Tuesday, January 31, 2017

The Nearly Lost Art of Assembly Language

Looking around at all the modern programming languages and methods, one would think we know more about writing good code now than ever before. One would think that we have risen to the point of writing code in ways that preclude the necessity of even understanding how the CPU operates and the operating system functions.

Sadly, we are at that point to a large extent. Ask new grad programmers - I dare not list the degrees specifically given the plethora of degrees that generate programmers - how their lines of code actually work under the covers and you will get stammers or blank stares. Ask them how function calls - and even if you are an object-oriented enthusiast methods are still functions - are handled in context switches. You may get an explanation shows a rudimentary explanation, but ask them for specific CPU register names and you've exceeded their wealth of knowledge.

Once upon a time, universities taught programmers how to write assembly language code.
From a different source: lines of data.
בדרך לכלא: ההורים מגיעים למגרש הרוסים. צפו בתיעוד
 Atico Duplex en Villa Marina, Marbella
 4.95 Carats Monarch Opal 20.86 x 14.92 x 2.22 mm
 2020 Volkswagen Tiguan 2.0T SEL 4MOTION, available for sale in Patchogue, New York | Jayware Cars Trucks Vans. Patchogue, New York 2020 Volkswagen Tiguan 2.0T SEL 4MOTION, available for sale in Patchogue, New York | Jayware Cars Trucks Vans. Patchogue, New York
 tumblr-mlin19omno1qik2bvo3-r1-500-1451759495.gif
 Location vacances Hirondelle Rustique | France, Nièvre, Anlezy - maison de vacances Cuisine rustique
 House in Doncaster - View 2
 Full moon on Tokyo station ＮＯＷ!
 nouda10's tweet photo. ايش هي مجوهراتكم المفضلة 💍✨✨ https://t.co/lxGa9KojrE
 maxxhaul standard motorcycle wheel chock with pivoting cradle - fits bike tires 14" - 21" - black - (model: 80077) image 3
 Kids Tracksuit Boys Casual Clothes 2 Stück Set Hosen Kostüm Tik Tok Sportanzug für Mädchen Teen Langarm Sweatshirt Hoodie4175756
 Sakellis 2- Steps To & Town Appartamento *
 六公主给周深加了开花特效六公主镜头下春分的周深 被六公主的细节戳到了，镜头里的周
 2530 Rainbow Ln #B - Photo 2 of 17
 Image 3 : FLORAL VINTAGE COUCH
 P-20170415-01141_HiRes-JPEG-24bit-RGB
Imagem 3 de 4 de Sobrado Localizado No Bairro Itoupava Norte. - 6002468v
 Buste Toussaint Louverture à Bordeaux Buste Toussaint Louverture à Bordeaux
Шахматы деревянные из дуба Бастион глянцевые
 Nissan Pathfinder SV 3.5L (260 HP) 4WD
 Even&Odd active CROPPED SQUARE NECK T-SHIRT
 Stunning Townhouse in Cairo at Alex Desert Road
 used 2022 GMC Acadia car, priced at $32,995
That is no longer the case. You will find it in masters programs as electives, maybe even a short segment of a required class, but you don't find undergrads being taught assembly language code.

In the past, the argument could be made that was because there were far too many processor architectures that had vastly different instruction sets. That meant there was no predominant assembly language with the exception of IBM mainframe assembly language courtesy of the System 370 which a lot of guys my age had to learn.

Some of us also picked up VAX assembly language and maybe even Sparc. Some of us were fortunate enough to have learned assembly language programming for the x86 architecture back in the day.

But the diversity excuse for not teaching assembly language doesn't float anymore. And in for all practical and commercial concerns, there are two assembly languages that could dominate for the role: x86 and ARM.

One could add Arduino to that list now as it's popularity among hobbyists is huge.

With the small device world embracing ARM, its assembly language would be a strong contender. With the thriving popularity of Arduino, that is also a strong contender.

However, the reality is every programmer out there has access to some kind of x86 based PC or laptop. They also have a number of excellent hypervisors that can provide x86 virtual machines to safely hammer away in assembly language in kernel space without the worry of damaging their actual machine.

So that begs the question. With the ubiquitous availability of computers and the gcc suite which compiles x86 assembly language, there really is no barrier to learning assembly language or teaching it in colleges and universities.

There is something satisfying, even elegant, in writing assembly language code. Seeing the machine code representation output from the assembler is like seeing the actual Rosetta Stone (not the software, the actual artifact). You see this indecipherable sequence of numbers (in hex) and its simplest explanation in a readable format.

I like that.

So the next time you are crafting your amazing class structure or using some new programming pattern for handling linked lists or some new multi-way linked trees, take a moment to pause and remember there is machine code under it. And think about that machine code as if it were on a Rosetta Stone that you can read.

Also rememver that every line of high-level code, from the "p = p->next" to the "object.next" iterator, can all be written in assembly language. Yes, it would take longer. And it not only can be done, it has been done.